-- Exercise data --
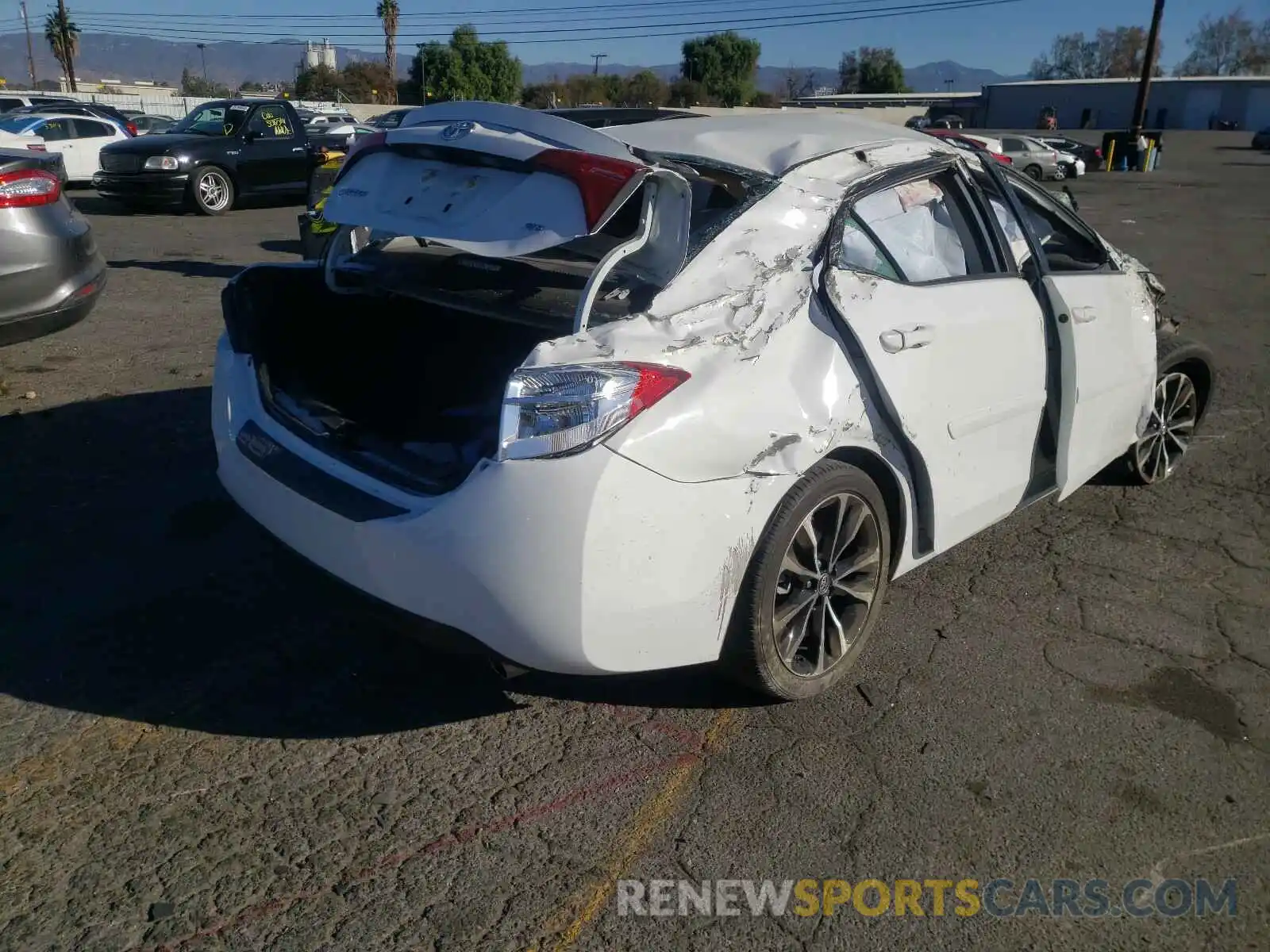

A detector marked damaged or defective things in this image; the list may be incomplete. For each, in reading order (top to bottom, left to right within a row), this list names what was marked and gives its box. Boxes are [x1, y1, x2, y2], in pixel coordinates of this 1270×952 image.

damaged white car [213, 104, 1214, 701]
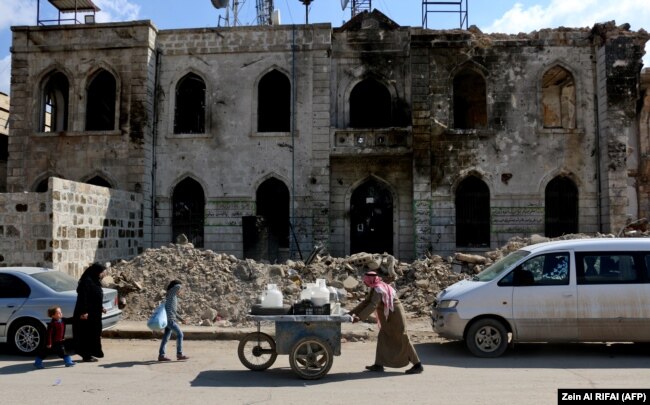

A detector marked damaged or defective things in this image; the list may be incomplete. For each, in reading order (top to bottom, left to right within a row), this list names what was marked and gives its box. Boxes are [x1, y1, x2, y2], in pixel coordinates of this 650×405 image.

broken window frame [39, 70, 69, 131]
broken window frame [84, 69, 117, 131]
broken window frame [172, 72, 205, 134]
broken window frame [256, 68, 292, 133]
broken window frame [540, 64, 576, 129]
damaged building [1, 7, 648, 268]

-- Instructions for the task --
When you reach the line that holds "this 650×405 image.", please copy it and every line after it through the end of the listing, exactly and with no other lines.

-- Task result --
A detector marked damaged or defective things in this image; the list may be incomplete. For each, in reading order (top to bottom, left to right within a row), this list names what was marked and gives its box. Boxes are [x1, y1, x2, y2], in pixel coordinates of this 650×405 image.

broken window frame [39, 70, 69, 131]
broken window frame [84, 69, 117, 131]
broken window frame [172, 72, 205, 134]
broken window frame [256, 68, 292, 133]
broken window frame [540, 64, 576, 129]
damaged building [1, 7, 648, 268]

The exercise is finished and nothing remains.